Short web captions:
------------------------------------

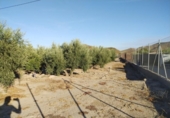 Land suitable for development for sale on España, Puerto Lumbreras, ref: TR118609 photo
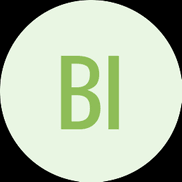 Bruce Irish Insurance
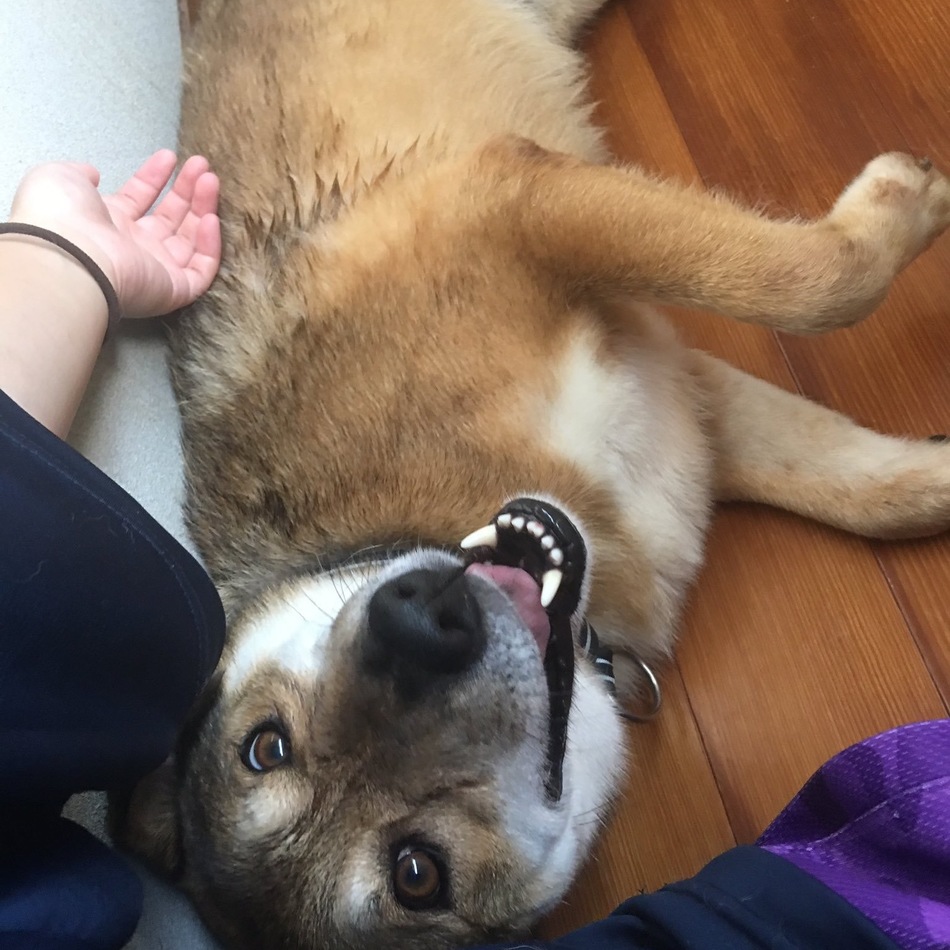 シンジのカバー写真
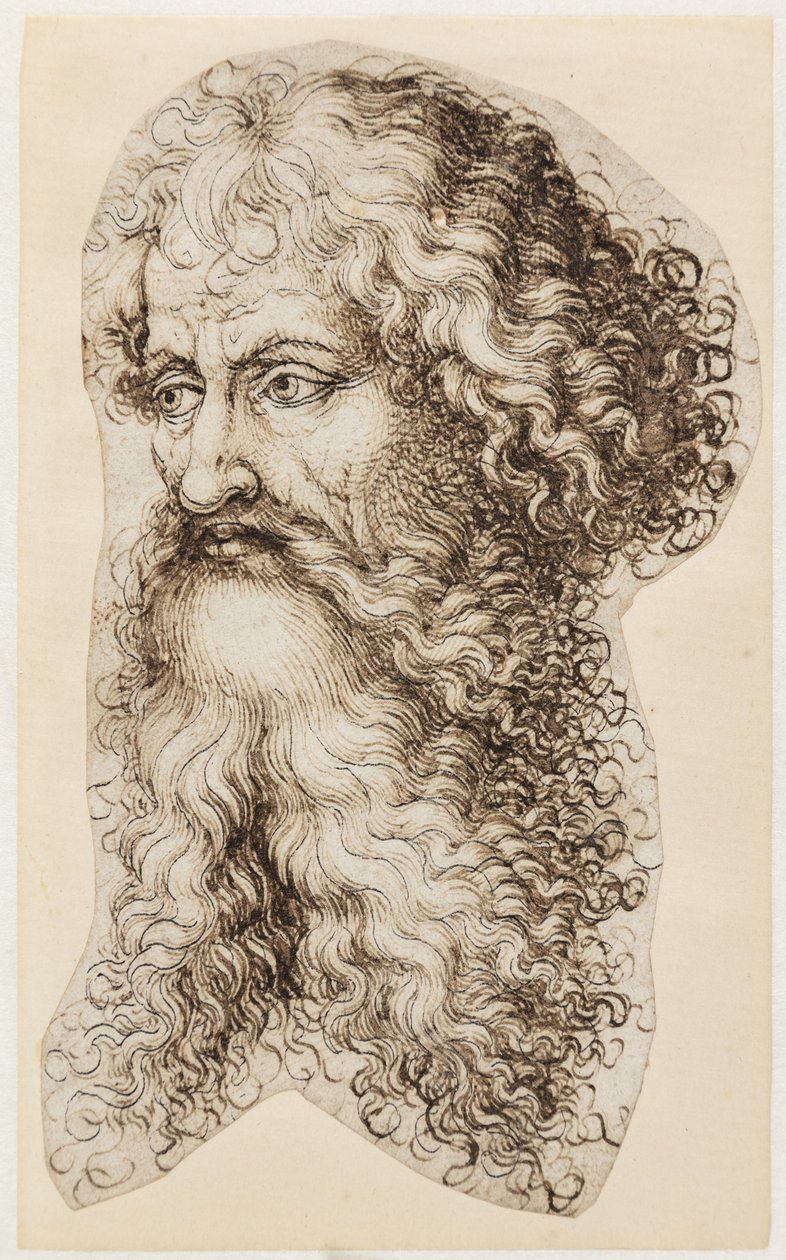 Bearded Man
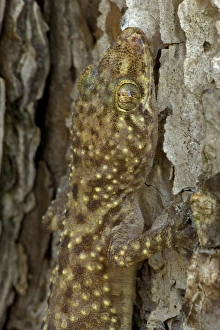 Images Dated 12th April 2007: Mediterranean Gecko - Louisiana - USA - Native to the Mediterranean regions of Europe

------------------------------------

## TASK STATEMENT
Every entry must be written out exactly, with all pictures left out.

## TASK SOLUTION
 Land suitable for development for sale on España, Puerto Lumbreras, ref: TR118609 photo
 Bruce Irish Insurance
 シンジのカバー写真
 Bearded Man
 Images Dated 12th April 2007: Mediterranean Gecko - Louisiana - USA - Native to the Mediterranean regions of Europe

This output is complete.